The board of SRF has approved expansion projects worth Rs. 665 crore including setting up of the company's second overseas packaging film plant to manufacture biaxially oriented polypropylene (BOPP) film in South Africa.
Besides the capex proposals, the board approved a second interim dividend of Rs. 7 per share. The company has declared a similar first interim dividend in October last year.
The board also approved buy back of shares of the company up to Rs. 380 per share not exceeding Rs. 90 crore from the open market. The buy back will remain open up to February 25, 2012 or such earlier date as may be determined by the board, the release adds.
Earlier in October 2010, the board had approved a joint venture to set up a biaxially oriented polyethylene terephthalate (BOPET) film plant of 28,500 tonnes annually in Bangladesh.
The new BOPP film plant with an annual capacity of 25,000 tonnes is being set up as a greenfield project at an investment of Rs. 250 crore and is expected to start commercial production in July 2013.

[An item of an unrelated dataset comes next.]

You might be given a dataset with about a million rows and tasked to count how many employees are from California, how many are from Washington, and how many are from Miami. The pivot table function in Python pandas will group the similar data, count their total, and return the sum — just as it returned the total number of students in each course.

The new unit will also mark SRF's maiden entry into the BOPP space.
Currently, SRF has an annual capacity to manufacture 59,500 tonnes of BOPET films annually through two of its plants in India. The company has also obtained board approval for setting up the company's second HFC-134a plant (a ozone friendly refrigerant) with an annual capacity of 15,000 tonnes at its chemical complex in Dahej. The project is expected to be commissioned at a cost of Rs. 365 crore.
The new HFC plant, which is scheduled to become operational by January 2013, will also be backward integrated to produce 20,000 tonnes of AHF (anhydrous hydrofluoric acid), one of the key raw materials.
To meet the enhanced requirement of power and utilities for the new projects at Dahej site, the company's board approved another project for enhancement of captive power generation capacity to 14 MW at a cost of Rs. 50 crore.